しかし、そこで待ち受けていたのは、人間への激しい憎悪を抱く魔族の戦士たち。
「穢れた人間が、我らの聖域に足を踏み入れるな!」
突きつけられる鋭い槍、一触即発の危機。
だが、枢の翡翠眼は、戦士たちの強靭な肉体に隠された「ある異変」を見逃しませんでした。
支溝、陽池……。敵意さえも治療の糧にする、聖鍼師の独壇場。
金曜日の朝、1,900文字超の衝撃展開をどうぞお楽しみください!
魔族の少女――名は「ミナ」という――に導かれ、枢とリナは『断絶の山脈』のさらに奥深く、猛吹雪が作り出した天然の迷宮へと足を踏み入れていた。
先ほど枢が打った霊台の鍼のおかげか、ミナの足取りは驚くほど軽く、先ほどまでの死に体だったことが嘘のようだった。
「……ここ。……わたしたちの、むら」
ミナが指差した先。雪の断崖を抜けると、そこには巨大な結晶体に囲まれた、幻想的な集落が広がっていた。だが、そこを満たしている「気」は、お世辞にも健やかとは言えなかった。
バッ――!!
村の入り口を抜けた瞬間、頭上から三つの影が舞い降り、枢たちの行く手を阻んだ。
それは、ミナよりも一回り以上大きく、漆黒の角を誇示するように突き出した、魔族の戦士たちだった。
「……人間か。……なぜ、この地を穢しに現れた。……ミナ、そ奴らに何をされた」
先頭に立つ筋骨隆々の戦士が、魔力の宿った長槍を枢の喉元に突きつける。殺気。それも、帝都の兵士たちとは比べものにならないほど濃密で、暴力的な気の噴出だ。

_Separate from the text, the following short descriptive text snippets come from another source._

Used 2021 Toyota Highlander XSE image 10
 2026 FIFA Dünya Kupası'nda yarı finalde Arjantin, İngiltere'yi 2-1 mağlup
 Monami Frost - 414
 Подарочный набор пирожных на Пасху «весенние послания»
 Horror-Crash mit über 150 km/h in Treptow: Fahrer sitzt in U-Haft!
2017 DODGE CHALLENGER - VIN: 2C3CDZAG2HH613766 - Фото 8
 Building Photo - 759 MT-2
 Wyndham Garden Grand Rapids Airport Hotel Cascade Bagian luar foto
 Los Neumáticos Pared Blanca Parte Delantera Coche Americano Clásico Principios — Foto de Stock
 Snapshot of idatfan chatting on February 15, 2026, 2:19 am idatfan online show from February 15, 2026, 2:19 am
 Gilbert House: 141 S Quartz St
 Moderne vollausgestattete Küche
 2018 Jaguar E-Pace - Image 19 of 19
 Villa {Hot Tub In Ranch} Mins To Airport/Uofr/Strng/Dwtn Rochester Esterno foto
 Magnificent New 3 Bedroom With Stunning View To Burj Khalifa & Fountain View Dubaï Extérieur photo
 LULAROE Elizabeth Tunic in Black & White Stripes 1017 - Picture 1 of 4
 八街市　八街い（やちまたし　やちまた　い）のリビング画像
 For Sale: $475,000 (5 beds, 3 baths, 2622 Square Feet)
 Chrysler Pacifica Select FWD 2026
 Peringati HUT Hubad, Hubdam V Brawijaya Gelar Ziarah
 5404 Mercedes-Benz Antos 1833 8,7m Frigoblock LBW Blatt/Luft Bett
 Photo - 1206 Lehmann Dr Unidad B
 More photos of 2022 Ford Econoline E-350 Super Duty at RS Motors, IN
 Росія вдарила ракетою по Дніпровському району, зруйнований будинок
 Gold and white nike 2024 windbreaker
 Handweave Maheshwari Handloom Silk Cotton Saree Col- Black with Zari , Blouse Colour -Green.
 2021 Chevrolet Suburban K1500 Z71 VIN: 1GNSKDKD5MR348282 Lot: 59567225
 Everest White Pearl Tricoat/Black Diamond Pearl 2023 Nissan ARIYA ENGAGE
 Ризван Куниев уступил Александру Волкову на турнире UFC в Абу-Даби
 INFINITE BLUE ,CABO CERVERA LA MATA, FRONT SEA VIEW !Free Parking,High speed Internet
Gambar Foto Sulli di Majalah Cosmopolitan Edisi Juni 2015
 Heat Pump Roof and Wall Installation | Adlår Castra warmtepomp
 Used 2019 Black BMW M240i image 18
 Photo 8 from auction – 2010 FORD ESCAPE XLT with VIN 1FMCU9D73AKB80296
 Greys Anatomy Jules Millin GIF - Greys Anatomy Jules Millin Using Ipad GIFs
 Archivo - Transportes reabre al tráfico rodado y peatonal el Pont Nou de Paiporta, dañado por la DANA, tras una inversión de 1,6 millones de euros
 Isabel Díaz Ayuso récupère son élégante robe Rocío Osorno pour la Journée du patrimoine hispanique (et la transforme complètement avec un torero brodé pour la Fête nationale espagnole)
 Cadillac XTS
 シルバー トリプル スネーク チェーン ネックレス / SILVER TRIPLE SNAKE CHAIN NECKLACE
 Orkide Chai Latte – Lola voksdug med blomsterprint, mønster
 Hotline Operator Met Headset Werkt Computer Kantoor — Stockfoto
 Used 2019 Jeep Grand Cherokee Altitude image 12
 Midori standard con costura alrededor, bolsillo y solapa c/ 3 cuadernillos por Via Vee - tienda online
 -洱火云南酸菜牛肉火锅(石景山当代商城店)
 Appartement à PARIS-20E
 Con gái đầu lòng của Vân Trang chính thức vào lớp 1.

「やめて、カザン! この人は、わたしの命を救ってくれたの! すごいお医者様なんだよ!」
ミナが必死に庇うが、カザンと呼ばれた戦士の疑念は晴れない。
「……フン、人間の医者だと? ……我ら魔族の体は、人間のような脆弱な肉体ではない。……お前たちの浅ましい薬も、まじないも、我らには毒にしかならぬ。……即刻立ち去れ。さもなくば、その首を氷壁に飾るぞ」
リナが恐怖に身を竦ませる中、枢は突きつけられた槍の穂先を、まるで邪魔な枝を払うかのように指先で軽く押しのけた。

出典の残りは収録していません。